Saturday, March 23, 2013

The Flight of a Girl-Child

Pain.  It seems like it’s on the menu a lot these days.  It’s what’s for dinner.  And breakfast.  And afternoon snacks.  You know the kind of pain that kind of just sits like a ten ton brick in your chest...and steals your appetite for joy and fellowship?  Yeah, I’ve been swallowing a crazy amount of that kind of pain lately...and quite frankly; it’s giving me a case of chronic indigestion.  I just want to shove my plate away and politely excuse myself from the table.  

In other words, when the pain comes...I can feel myself going numb.  My inner voice starts saying things like “what’s the point?” and “I did it your way, God...and it’s not working.”  Or my personal favorite, “You deserve this entire bag of chocolate.”  These are horrifying thoughts...that cause sirens and flashing red lights to explode in my brain.  Because almost every stupid decision I’ve made in life has been a result of avoiding pain. 
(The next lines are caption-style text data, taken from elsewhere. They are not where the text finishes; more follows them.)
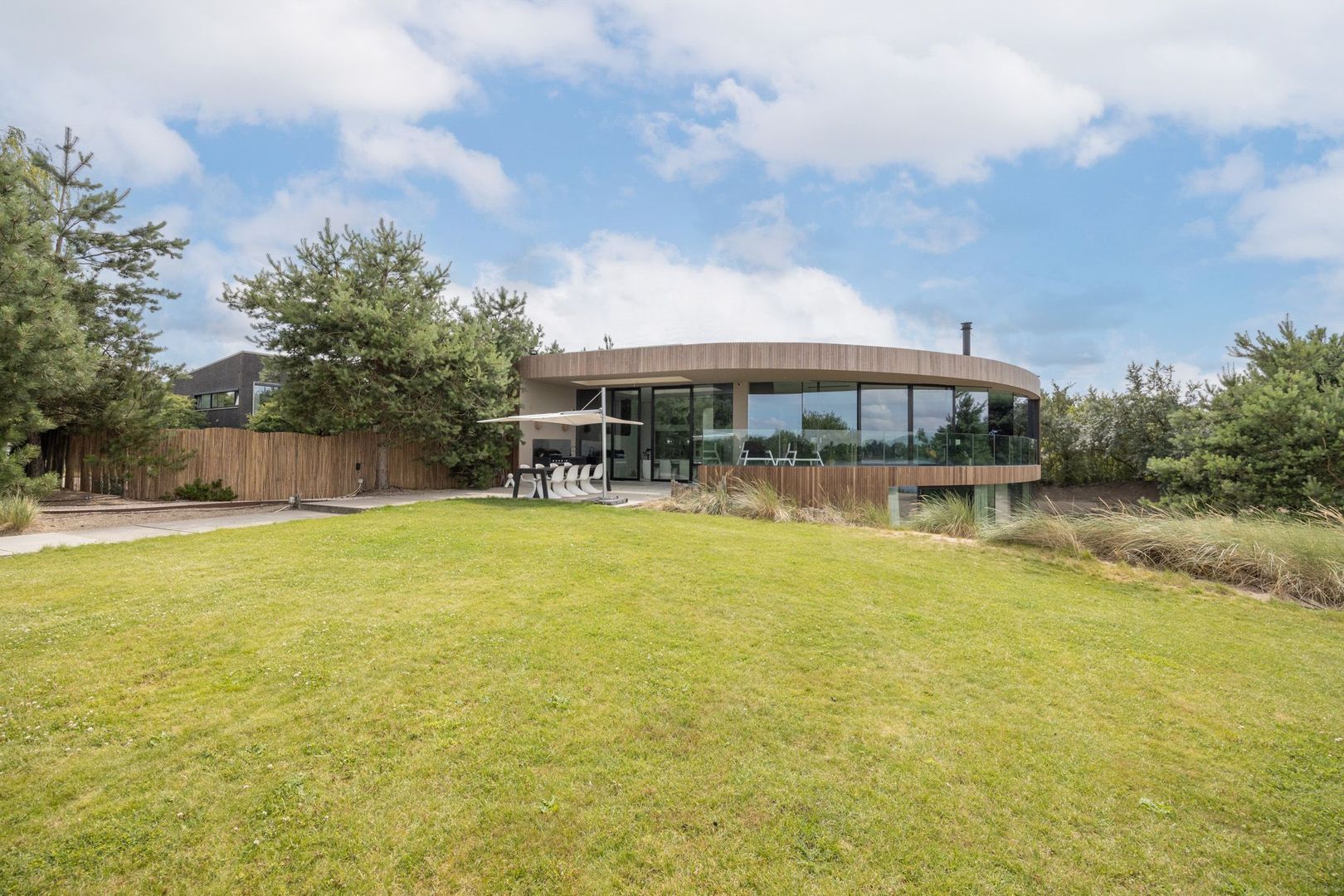 Asterdse Sluis 11, Breda foto-93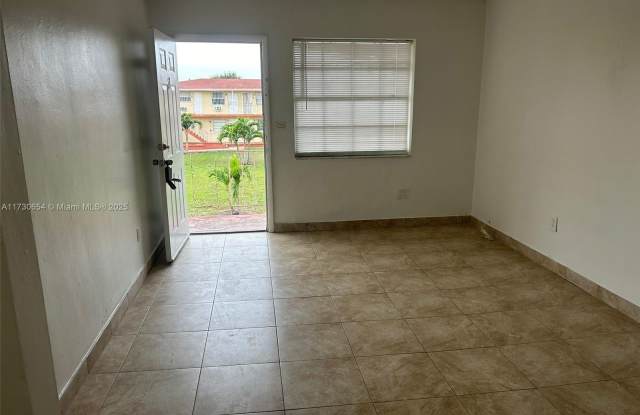 2551 NW 13th St - 2551 Northwest 13th Street, Miami, FL 33125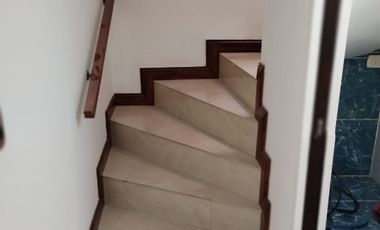 Duplex en alquiler en Caseros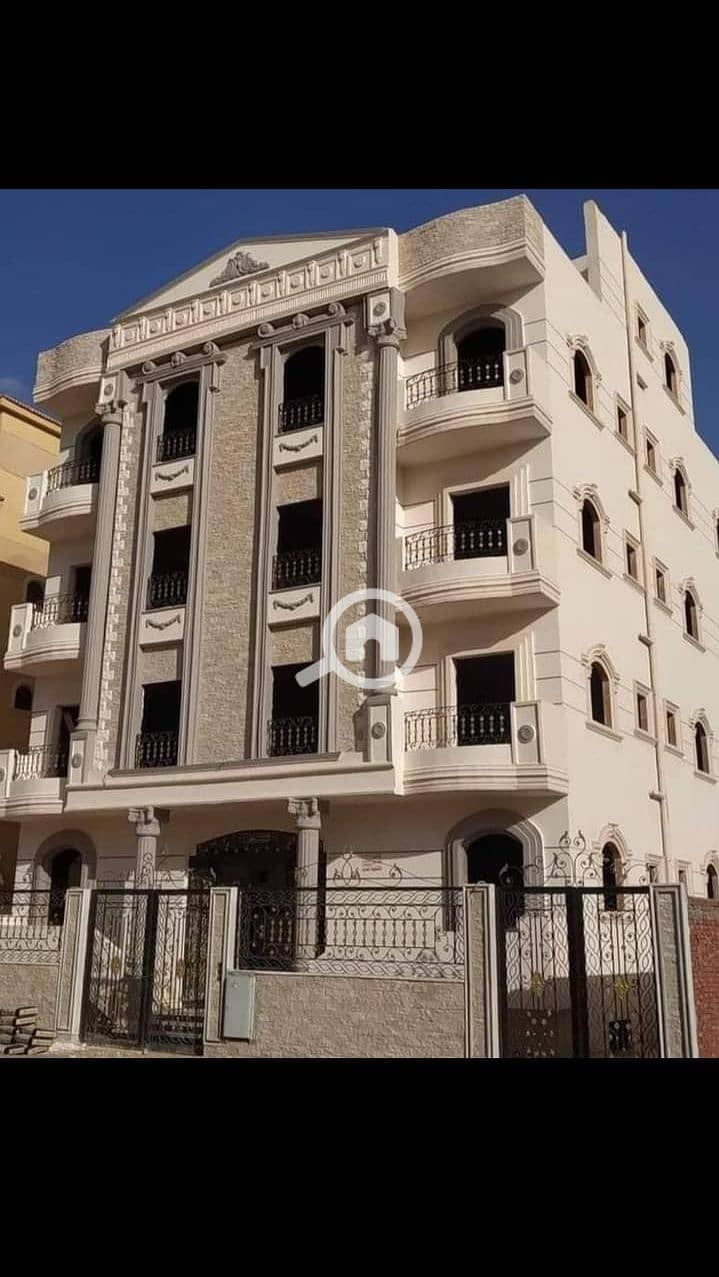 6 WhatsApp Image 2024-09-23 at 1.34. 24 PM. jpeg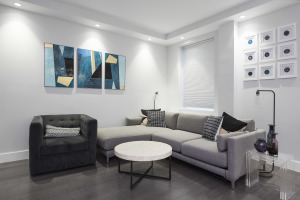 West 87th Street - Upper West Side - Full Remodel Photo #7543 West 87th Street - Upper West Side - Full Remodel Photo #7543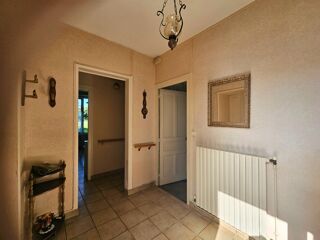  Maison � vendre 4 pi�ces 114 m�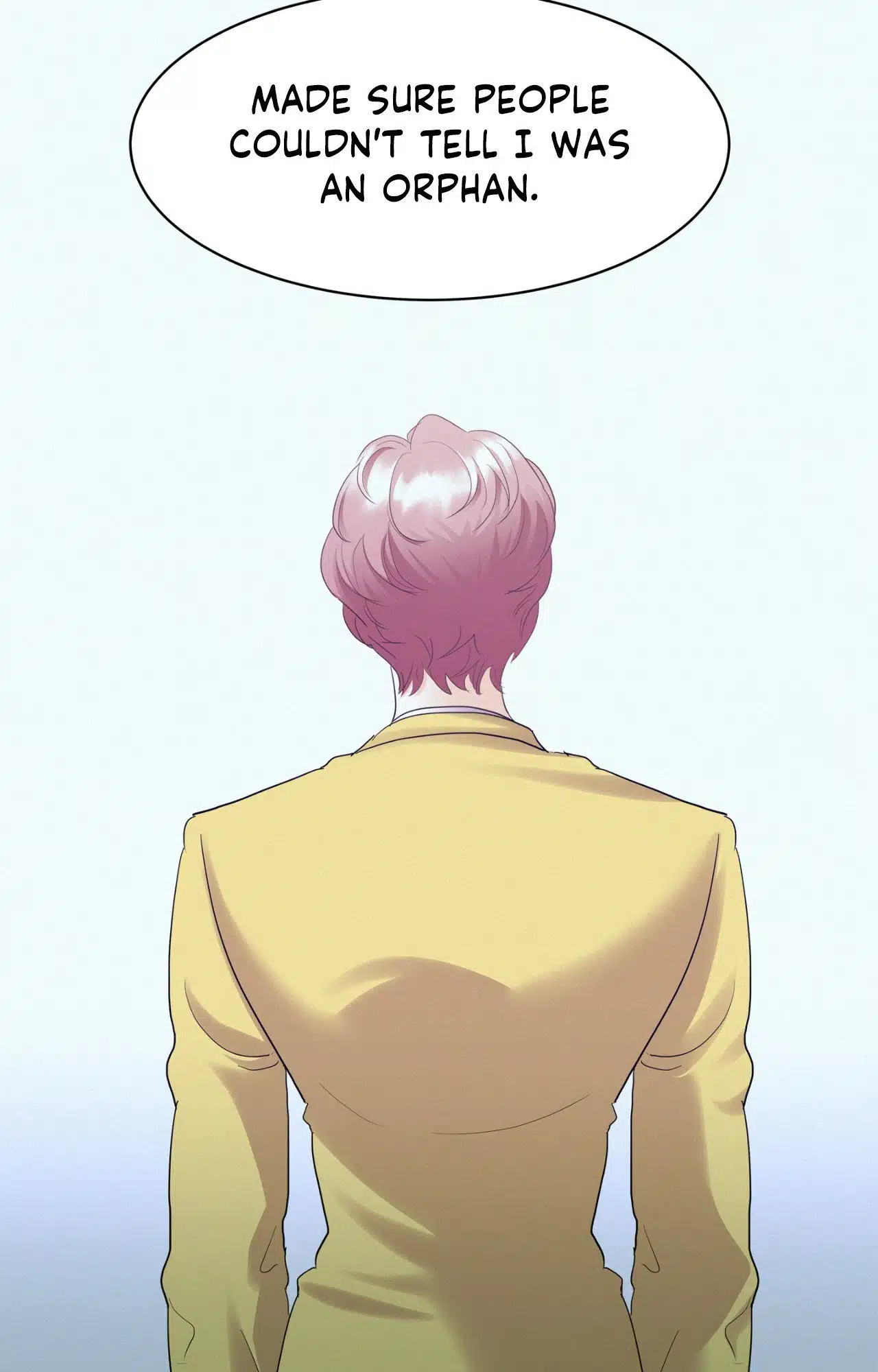 Read Onward chapter 33.2 image 28 on Lezhin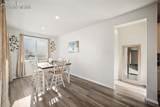 5662 Last Chance Drive - Photo 12
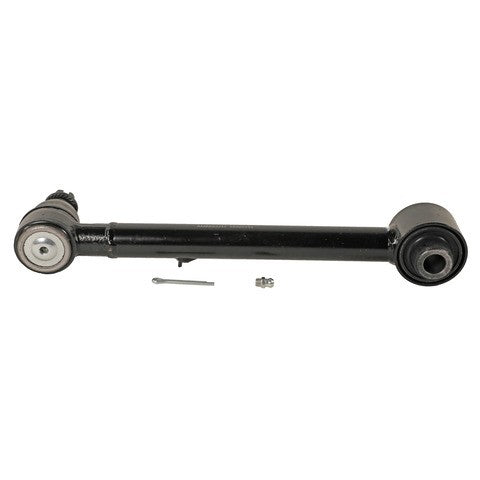 MOOG Chassis Products Suspension Control Arm and Ball Joint Assembly P/N:RK623347 Fits: Hyundai Santa Fe 12-10, Kia Sorento 13-11 - Image 2
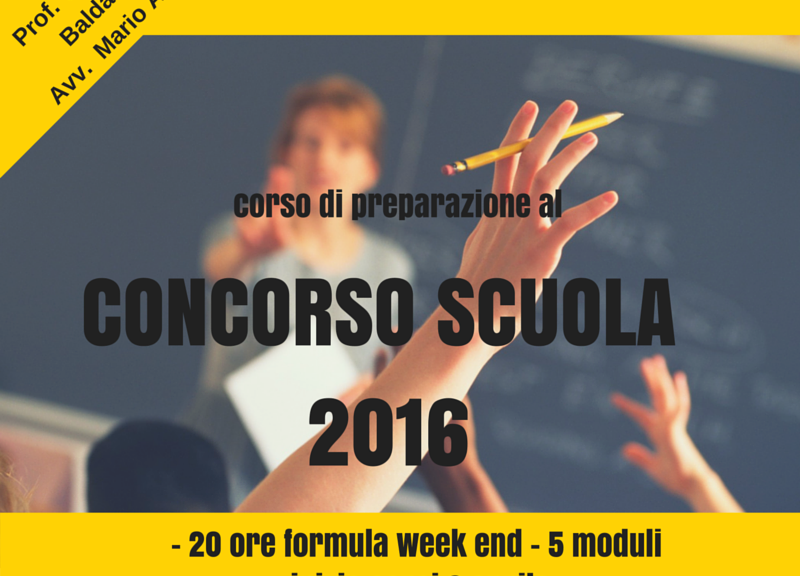 CONCORSO SCUOLA2016 (5)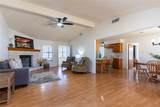 830 Live Oak Trl - Photo 6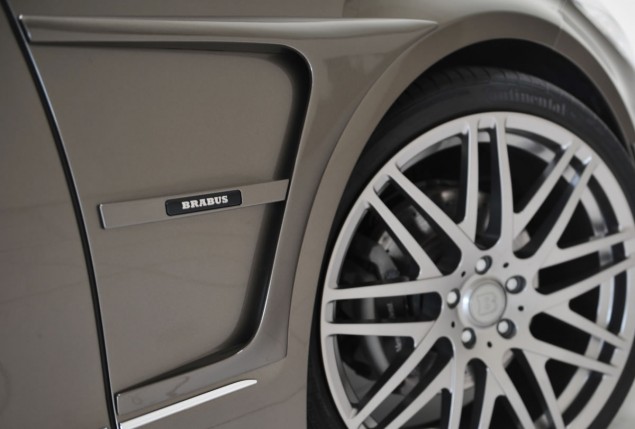 brabus-cls-shooting-brake-5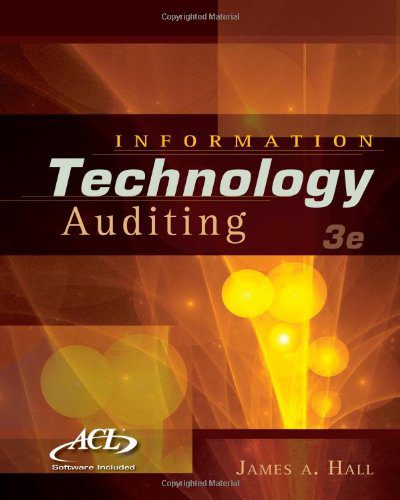 خرید و دانلود نسخه کامل کتاب Information Technology Auditing, 3rd Edition_68c88f4cacf97.jpeg خرید و دانلود نسخه کامل کتاب Information Technology Auditing, 3rd Edition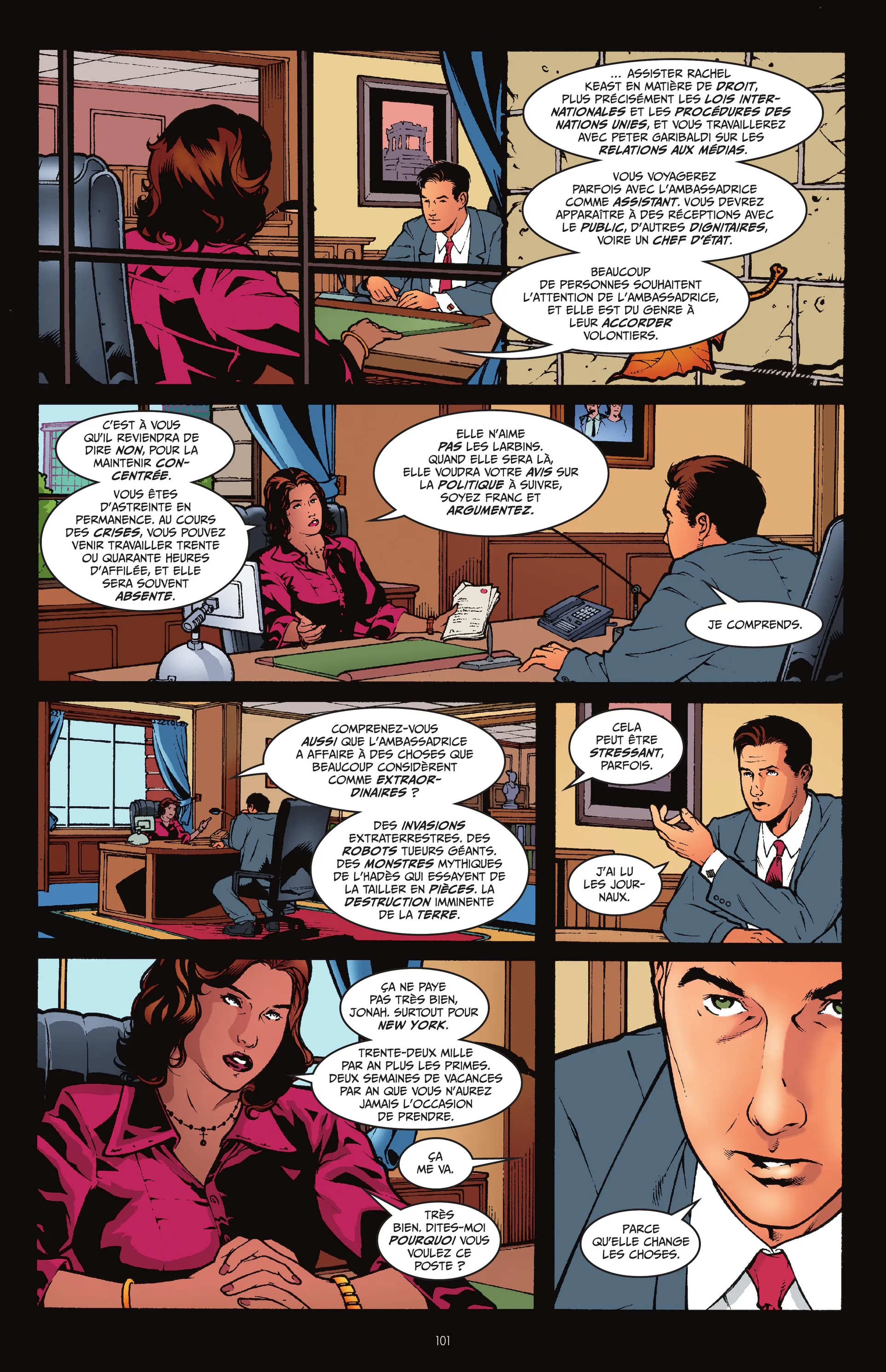 Page 95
Yes, I know what it’s like to live apart from Abba’s feast.  Despite claiming Christ as my Lord, I denied myself a seat at His table for years...because I believed the cost was too great.  He asked for transparency...and intimacy.  And I was terrified of both.  So, for years...I simply survived on spiritual crumbs.  Until one week in 2008, when a group of complete strangers boldly scaled the walls of my heart and laid claim to my dignity.  I can honestly say that was my first introduction to intense emotional pain...but, then again, it was also the first time I felt truly alive.     
 
Ezekiel 11:19 says “...I will remove from them their heart of stone and give them a heart of flesh.” 
 
As I feel the numbness seeping into my heart, I hear a voice deep inside me...quietly asking me to fight back.  So, I’m going to do what the Spirit has asked me to do...I’m going to shove my pain into the open wide space of the internet...and let a bunch of strangers look at it. 

Today I’m going to tell you story.  A story of a heart...and its journey from stone to flesh.   

Her name was Lissy.  She was joyful, fearless, and blissfully unaware of life’s unrelenting brokenness.  And although the years of adulthood have slowly eroded my memory of her...when the pain comes, I can still hear this blonde-headed girl-child whisper through the cracks of my defenses. 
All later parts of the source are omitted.